What the task asks - Go through the listing below and state how many lines hold the word "with", giving only the number.

Available data -
╭──

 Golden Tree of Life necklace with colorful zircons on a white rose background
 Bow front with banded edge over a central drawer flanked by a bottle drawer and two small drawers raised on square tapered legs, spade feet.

╰──
╭──

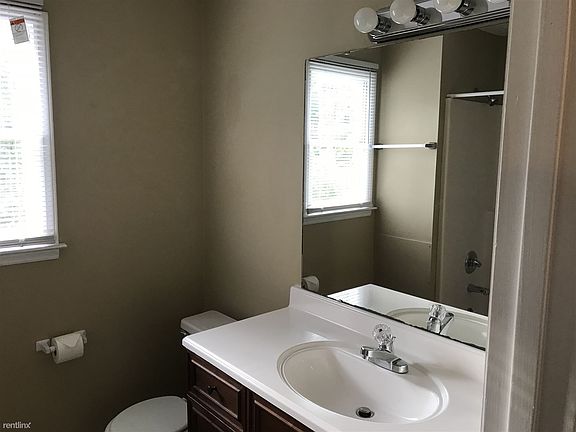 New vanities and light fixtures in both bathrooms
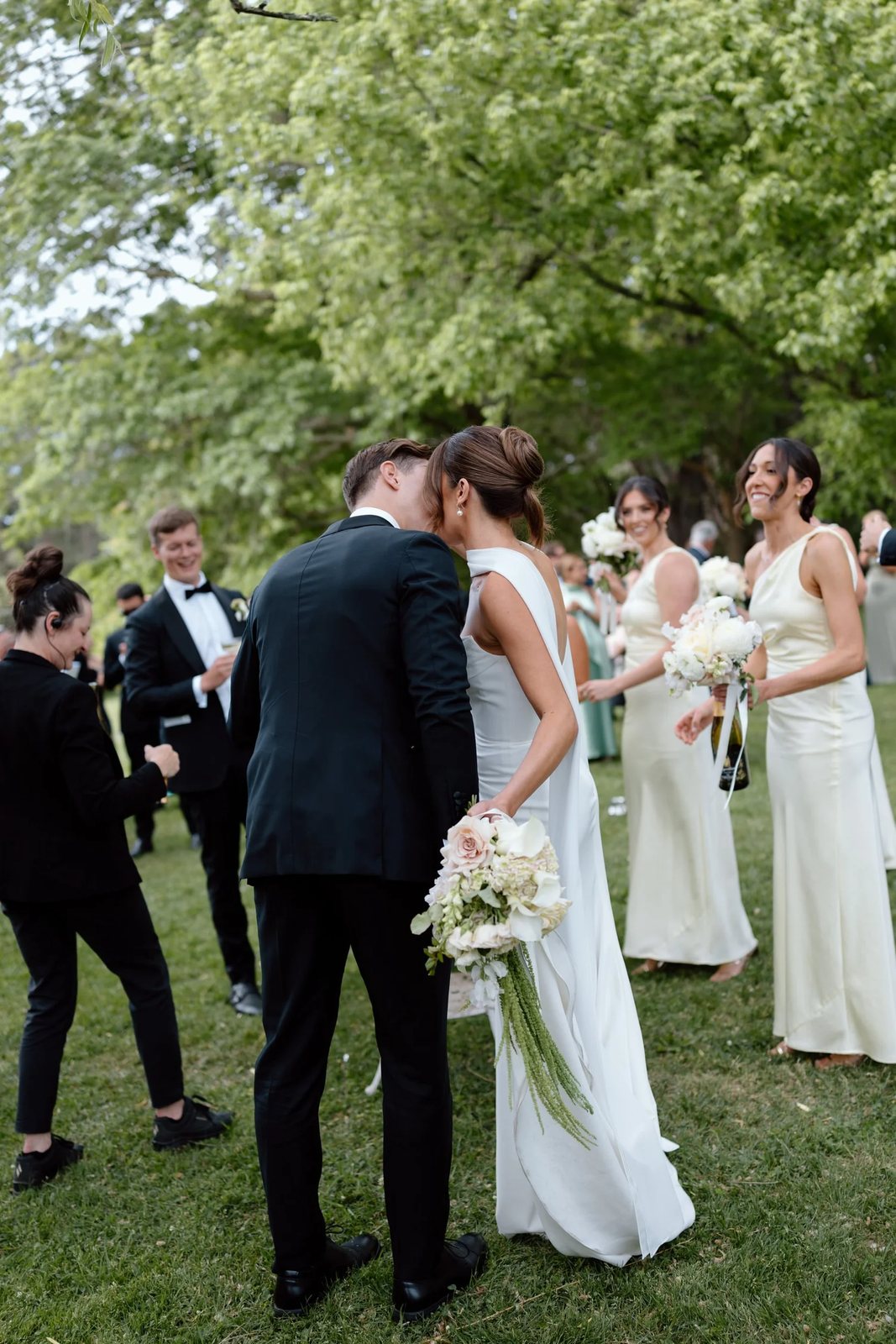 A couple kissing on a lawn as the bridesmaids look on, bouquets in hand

╰──

Result for this task - 2